How we built our data science infrastructure at Pew Research Center

Pew Research Center illustration

(Related posts: How we adopted Kubernetes for our data science infrastructure, How we review code at Pew Research CenterHow Pew Research Center uses git and GitHub for version control)

Pew Research Center has done survey research and demographic analysis for many years. But in 2015, the Center decided to venture into the world of computational social science, creating a Data Labs team to lead that charge. This required us to develop new tools and workflows that were very different from what we used in our traditional survey and demographic research.

Building the Data Labs team came with a huge number of known and unknown challenges. For instance, we had to adopt an entirely new and rapidly evolving discipline of social science research and integrate the values and norms of that field into an organization with a deeply rooted culture in a separate discipline.

But we also had to contend with more practical questions, including a fundamental one: How do we actually do this kind of work? Survey research at the Center typically involves performing statistical analyses on clean, static data files that might require some degree of post processing — but which tends not to change much once a survey field period is over. Due to their relatively small size, these analyses can usually be performed using statistical packages like SPSS or Stata, which can live on staffers’ local machines. We had very little experience working with the massive, constantly evolving and messy datasets that are the hallmarks of data science research, and the many new tools and languages we needed to work with them.

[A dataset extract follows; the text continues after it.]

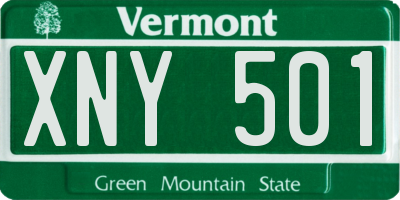 VT license plate XNY501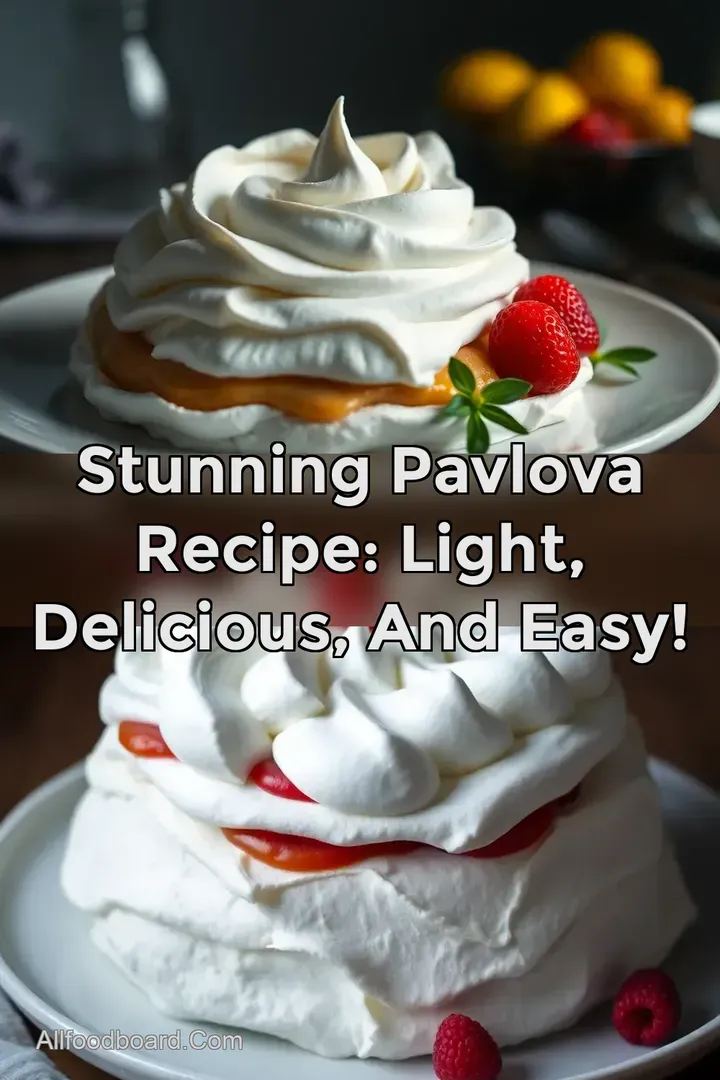 Stunning Pavlova Recipe: Light Delicious and Easy!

Over the years, we’ve created a fully functioning data science infrastructure to support the efforts of our research staff. Some of our efforts have worked better than others, but even our successes have required constant adaptation to keep pace with the field and with the needs of our researchers. In a series of posts, we’ll talk about what we did and what we learned over the course of that process. This inaugural post will start with the basics — the collaborative workspaces that our data scientists rely on for their day-to-day activities.

Defining our core infrastructure needs

We first needed to establish a key set of metrics that could serve as a “North Star” for how to interface with the Data Labs team’s tools and datasets. These were some of the key elements guiding that effort:

We needed to move fast. As is the case for many organizations, our IT resources are centralized under one department, which employs rigorous protocols for managing and securing our computers. This presents a challenge for a startup team in immediate need of computational resources but still in the process of identifying and building the infrastructure we would later need to manage. By building our own tools, we knew we could tailor them to fit our exact workflow while also protecting the rest of Pew Research Center’s operational infrastructure.

We needed a solution that could accommodate a wide range of programming languages, researcher skill sets, desktop environments and types of data. The Data Labs team is fluent in a number of programming languages and tools. These include industry-standard languages like R and Python, as well as some proprietary statistical software. We use them to collect and analyze data from many different sources — social media postscollections of YouTube videosthe text of sermons scraped from church websites and more.

We needed to support our “power users” while also facilitating collaboration with non-data scientists. Our advanced users needed to be able to operate a complete data science pipeline from data collection and processing through analysis and publication. But the Data Labs team also collaborates with researchers across all of Pew Research Center, many of whom may not be trained in newer data science tools. As a result, it was imperative to provide a “batteries included” user experience for researchers who are just getting started with core data science tools. That meant relying on an easily deployed and consistent data environment.

Security was non-negotiable. Like any other organization involved in data collection, we put a premium on data security; we needed to provide access in a way that didn’t require users to have complete administrator-level control over their laptops or the burden of maintaining a programmer-style developer environment. We also wanted to be sure that users were uniquely identified and could have resource profiles and configurations supplied depending on their individual user account and research needs.

Our tool of choice: Jupyter notebooks

Based on the above criteria, we quickly narrowed our focus to web-based tools rather than software installed on users’ personal machines. These web-based applications are easily accessible via a standard browser window and provide a simple connection to cloud-based computing resources. They also allow our DevOps team to monitor and manage user sessions and integrate enterprise user management and file storage tools in a consistent, secure environment. As a bonus, they are simpler to build and deploy than most desktop applications.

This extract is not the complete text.